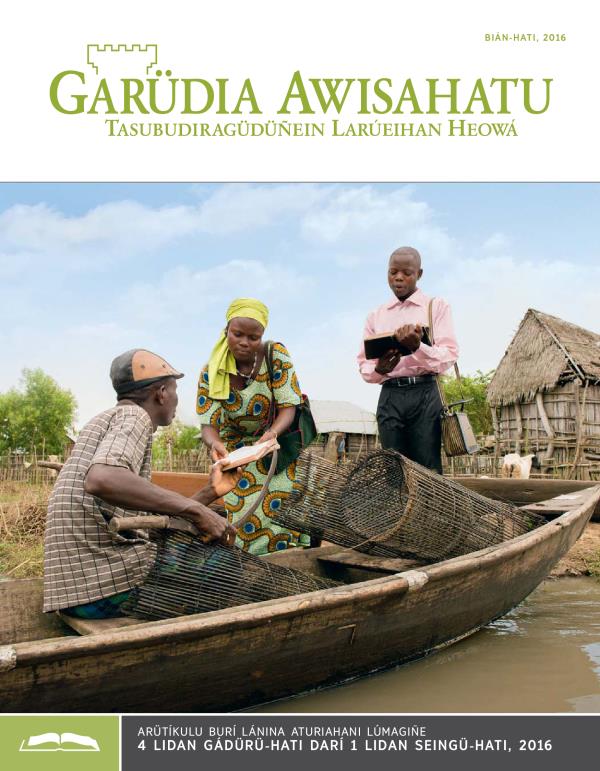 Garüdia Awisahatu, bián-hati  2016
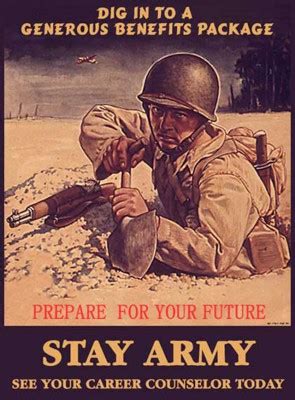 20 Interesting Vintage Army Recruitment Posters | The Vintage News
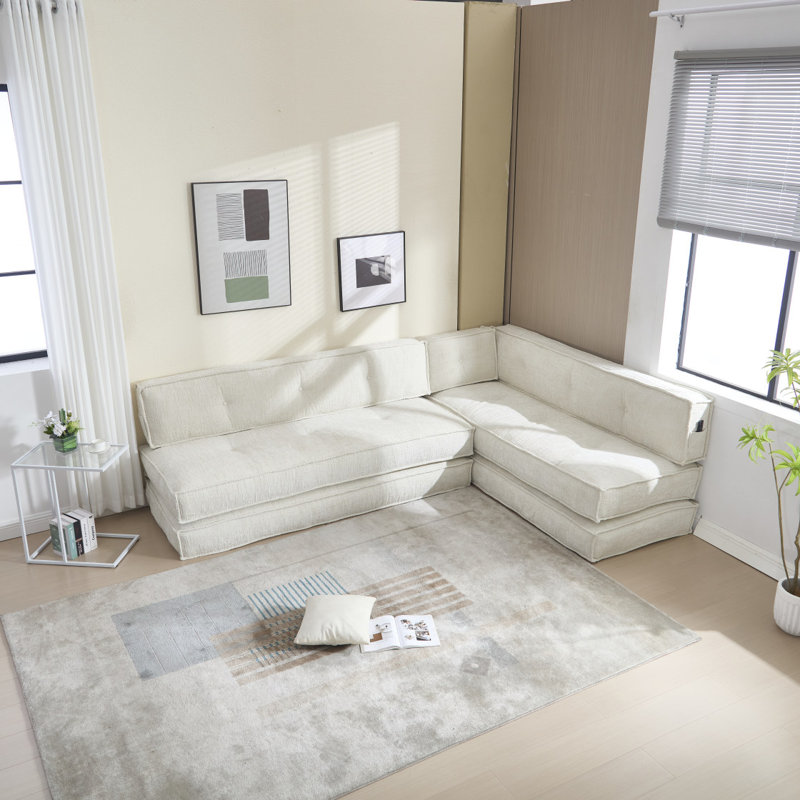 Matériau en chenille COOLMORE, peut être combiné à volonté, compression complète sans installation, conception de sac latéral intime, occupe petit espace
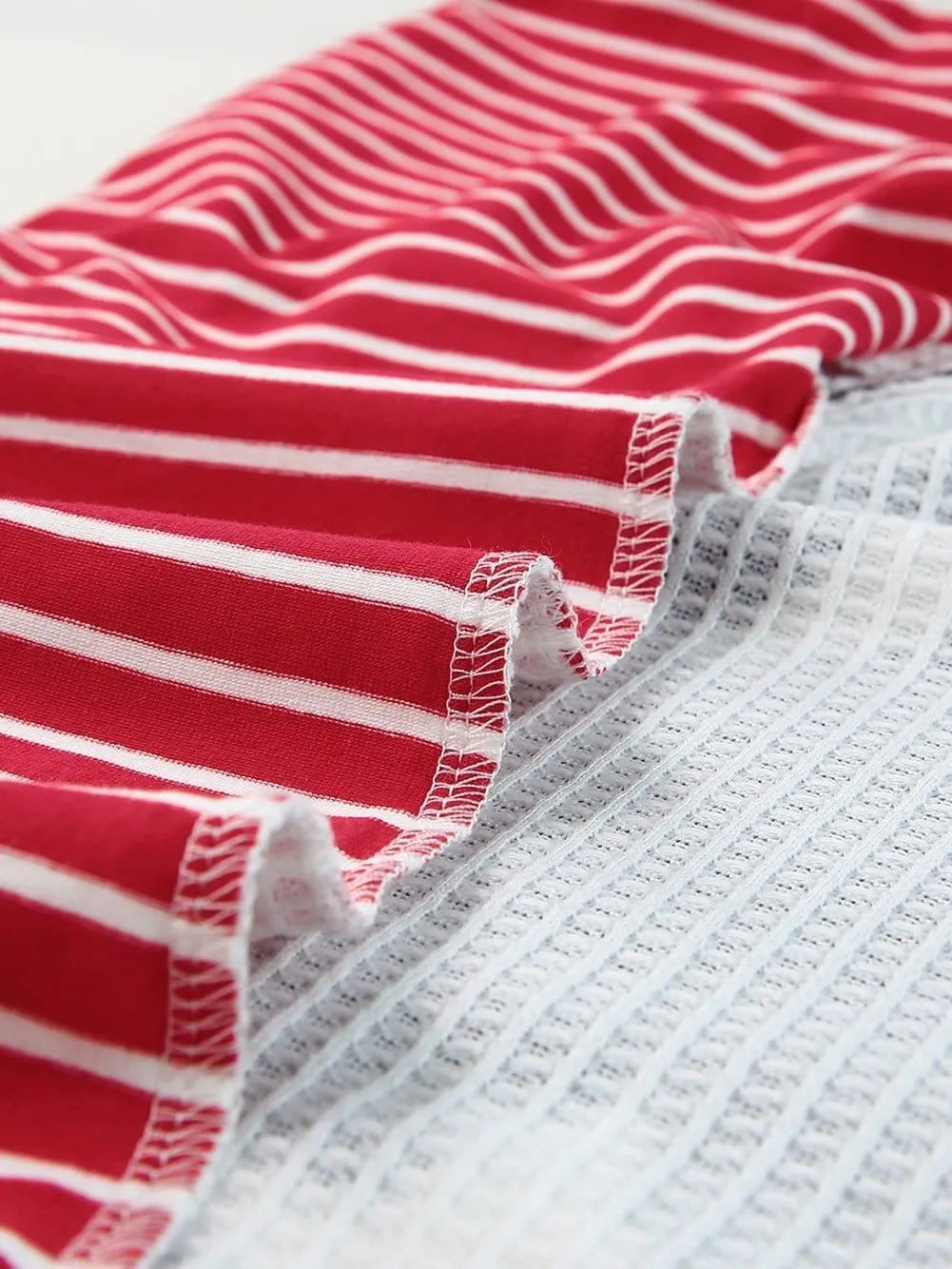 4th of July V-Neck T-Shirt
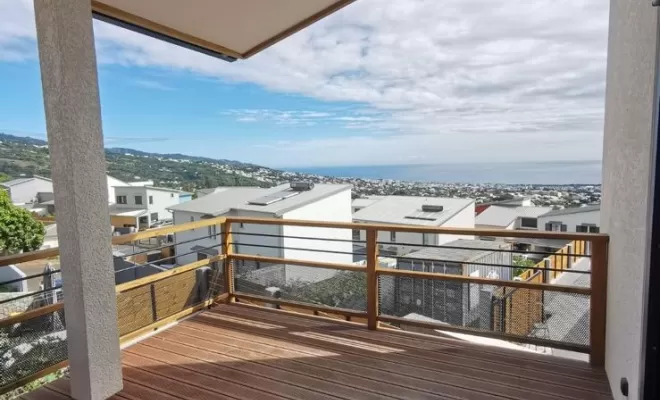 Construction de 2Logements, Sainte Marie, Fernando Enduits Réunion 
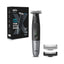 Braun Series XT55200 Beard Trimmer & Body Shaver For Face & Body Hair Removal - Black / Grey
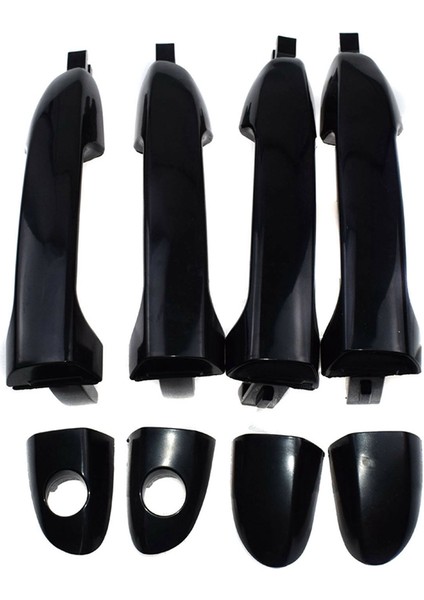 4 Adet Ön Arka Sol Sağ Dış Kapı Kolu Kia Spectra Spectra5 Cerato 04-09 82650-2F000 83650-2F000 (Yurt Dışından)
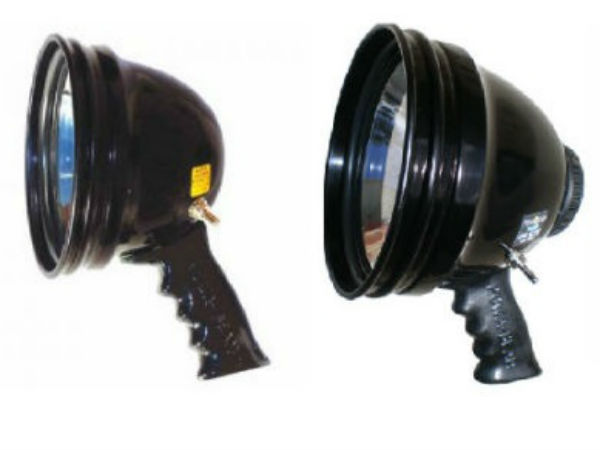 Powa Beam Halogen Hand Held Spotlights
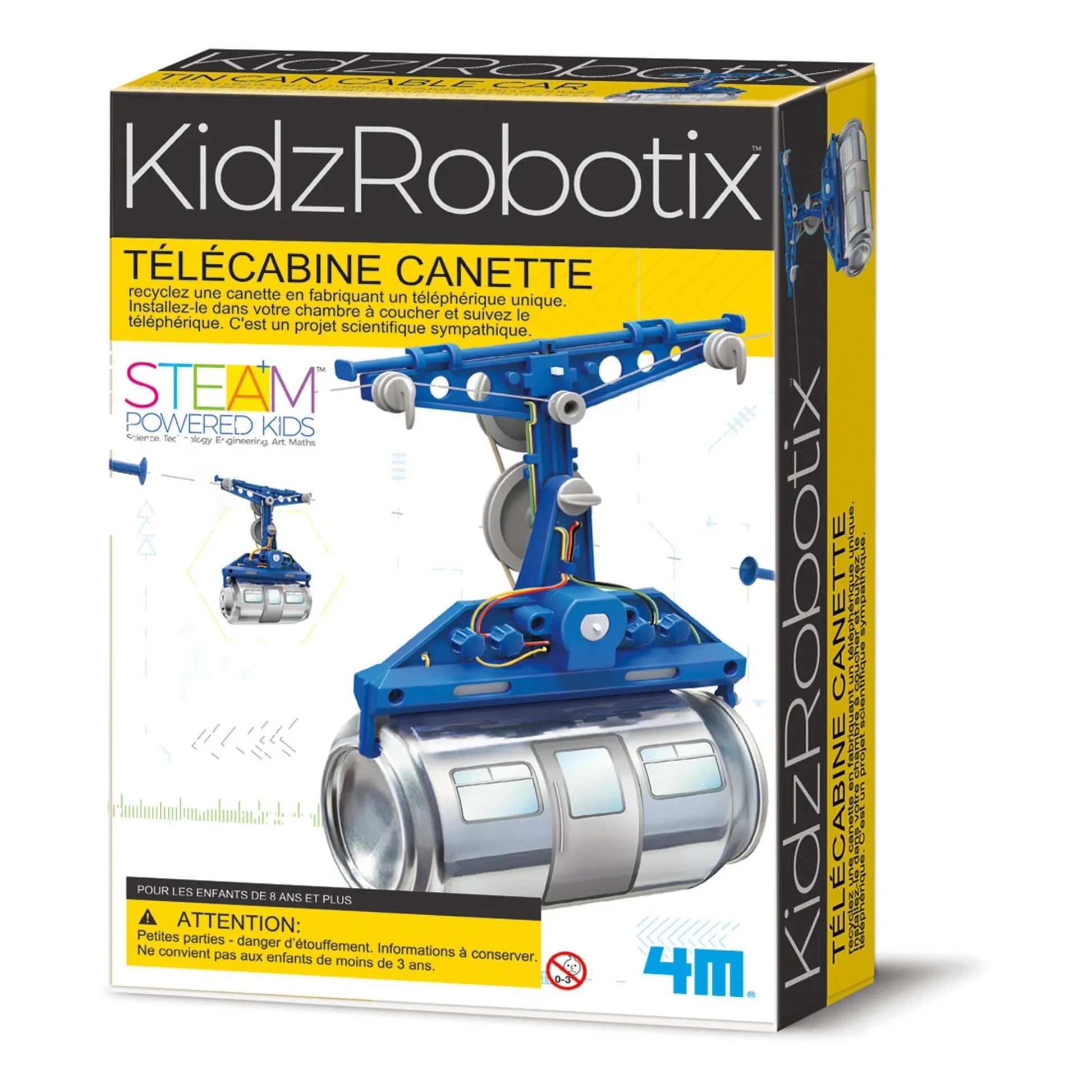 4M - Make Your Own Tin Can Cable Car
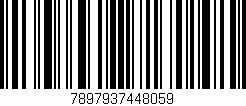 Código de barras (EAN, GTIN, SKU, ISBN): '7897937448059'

__Exercise details__:
Please return only the lines from the one holding "Construction de 2Logements, Sainte" through the end of the data, both ends included; do not copy any pictures.

__Task answer__:
 Construction de 2Logements, Sainte Marie, Fernando Enduits Réunion 
 Braun Series XT55200 Beard Trimmer & Body Shaver For Face & Body Hair Removal - Black / Grey
 4 Adet Ön Arka Sol Sağ Dış Kapı Kolu Kia Spectra Spectra5 Cerato 04-09 82650-2F000 83650-2F000 (Yurt Dışından)
 Powa Beam Halogen Hand Held Spotlights
 4M - Make Your Own Tin Can Cable Car
 Código de barras (EAN, GTIN, SKU, ISBN): '7897937448059'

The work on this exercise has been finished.